Well, we all know that, don’t we? But this time around, I am not talking my personal life balance. No: last week, assisted by our partner from the learned profession of certified accountants, we did the InterFace AG balance sheet. Again, I discovered some very absurd regulations required by this legislation of ours that by now is rather impoverished and powered by interests.
Here is an example:
During last Friday’s meeting, where we discussed the final issues of the business year 2012, I discovered a loss in the Loss&Profits titled: “Deduction on Stock”.

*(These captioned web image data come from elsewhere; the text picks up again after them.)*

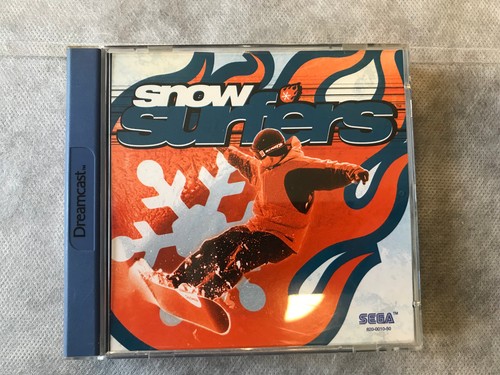 Jeu sega dreamcast snow - sega,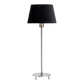 Emir bordlampe stål u/skjerm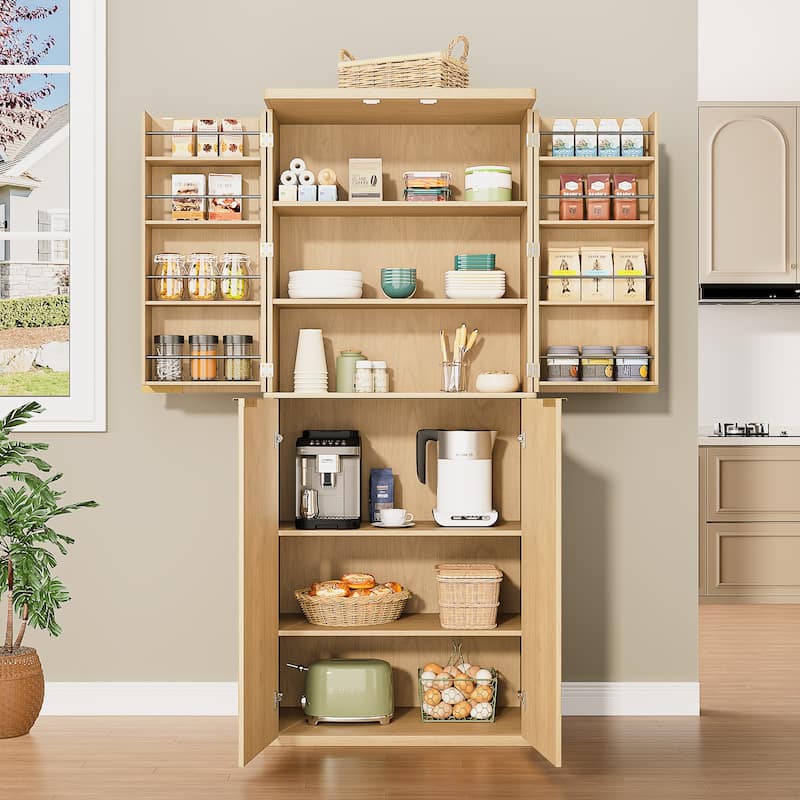 30" Bathroom Vanity with Ceramic Sink Combo, Solid Wood Frame Bathroom Cabinet, Freestanding Vanity Set with 3 Drawers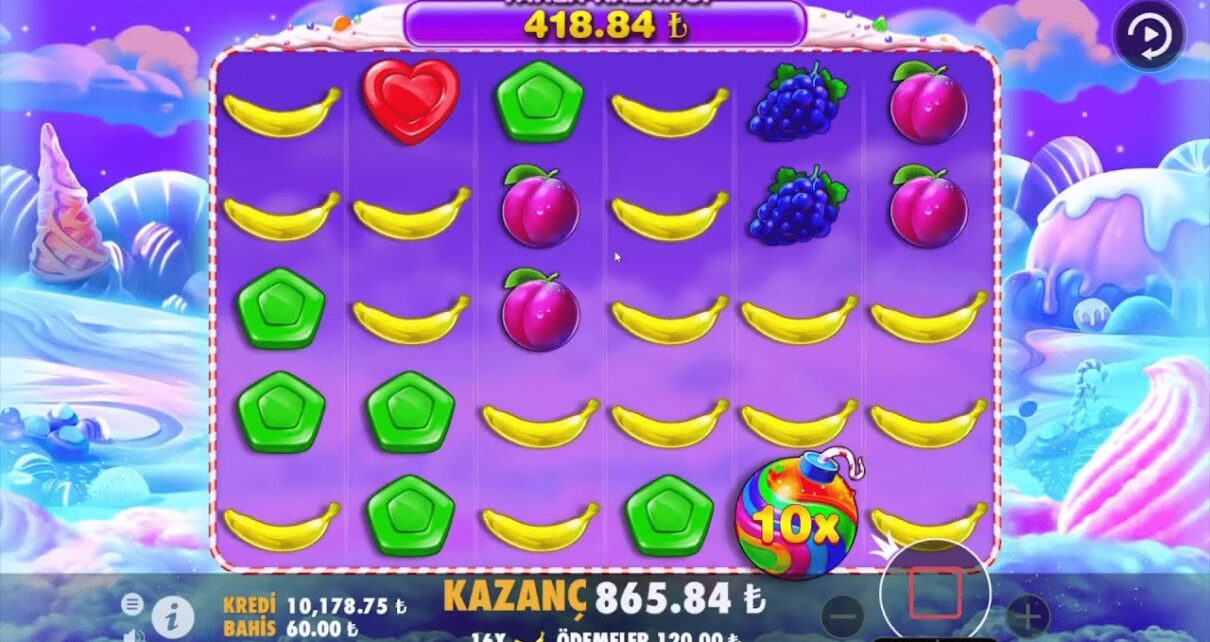 SWEET BONANZA ArkaArkaya Bu Kadar Patlama Görmediniz Efsane Vurgun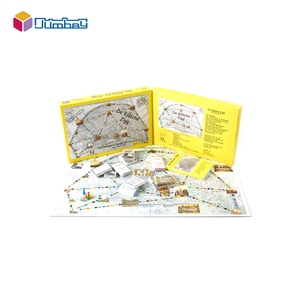 Pro European German French South North American Brazilian Argentine Canadian Middle Eastern Arab Muslim English Board Game - Product Image 1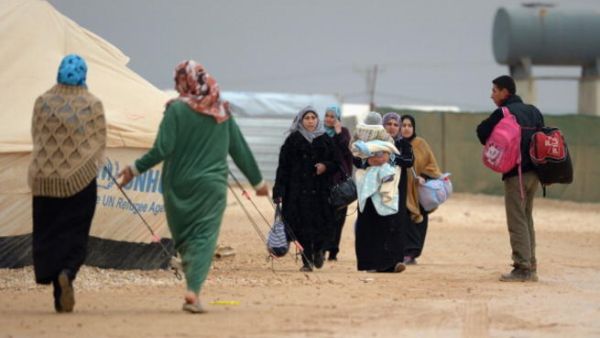 الحرب السورية تسببت في تراجع الاقتصاد الأردني بما لا يقل عن 30 في المائة، بينما تراجعت حركة البضائع العابرة بما لا يقل عن 40 في المائة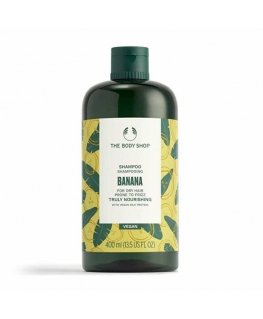Шампунь The Body Shop Bananas Truly Maitininantis - Увлажняющий шампунь - 400 мл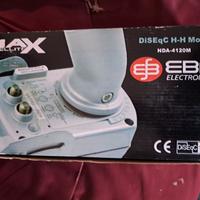 Rotore parabola satellite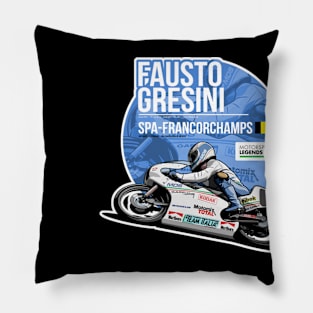 Fausto Gresini 1985 Spa Pillow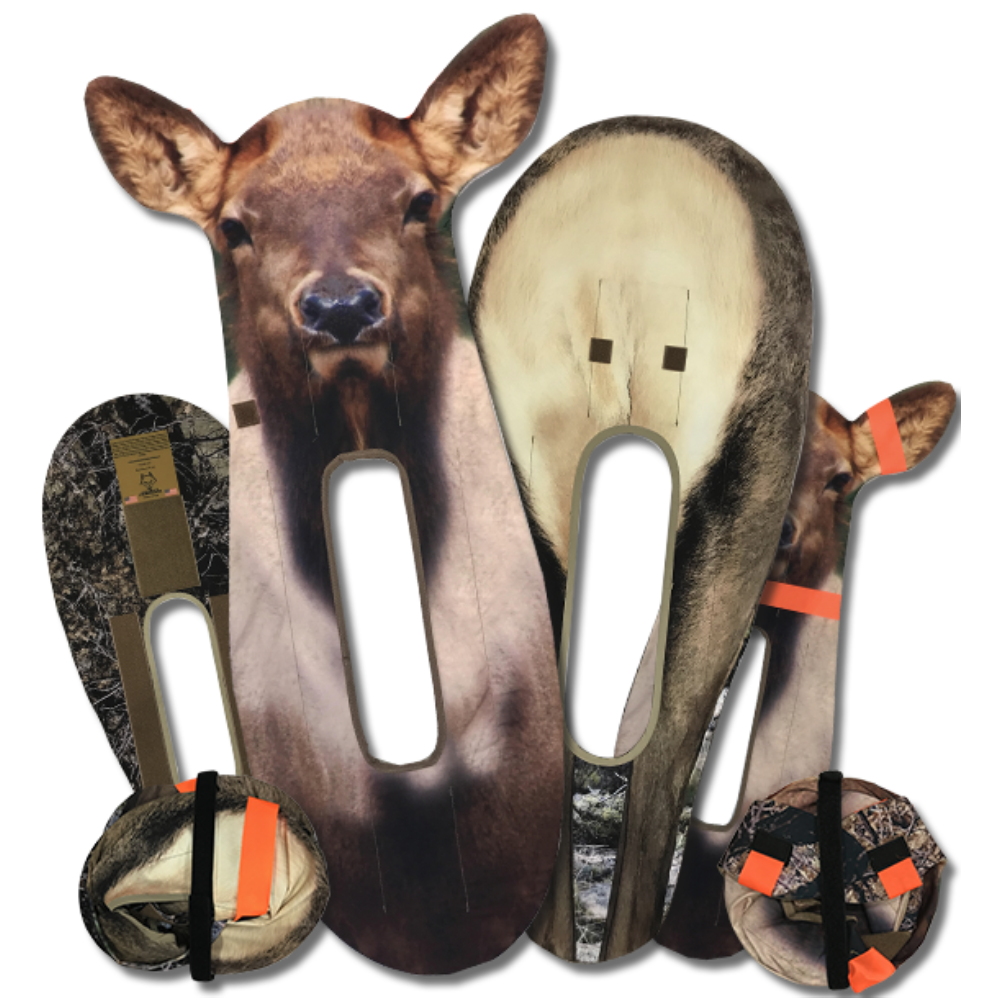 Ultimate Predator Elk Front & Back Stalker Decoys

I am surprised. Since when does the InterFace AG own stock? I never knew about it. But then I remember:
Of course, we have stock! In our company, employees can exchange some of their overtime (if they have worked overtime and so desire) for additional old-age reserves. The technical term for this procedure is “long term working time account” (nomen est omen).
It means that the overtime an employee who participates in this program has worked will not be paid to him directly. Instead, the sum will be added to his personal pension fund. Since this money does not belong to the enterprise but to the employee, the enterprise has to be very careful with it: they have to make sure the accumulated money will not be included if there is a bankruptcy. Consequently, we saved this money as so-called “charge securities“ and pledged them to our employees. That was exactly what the regulations said we should do.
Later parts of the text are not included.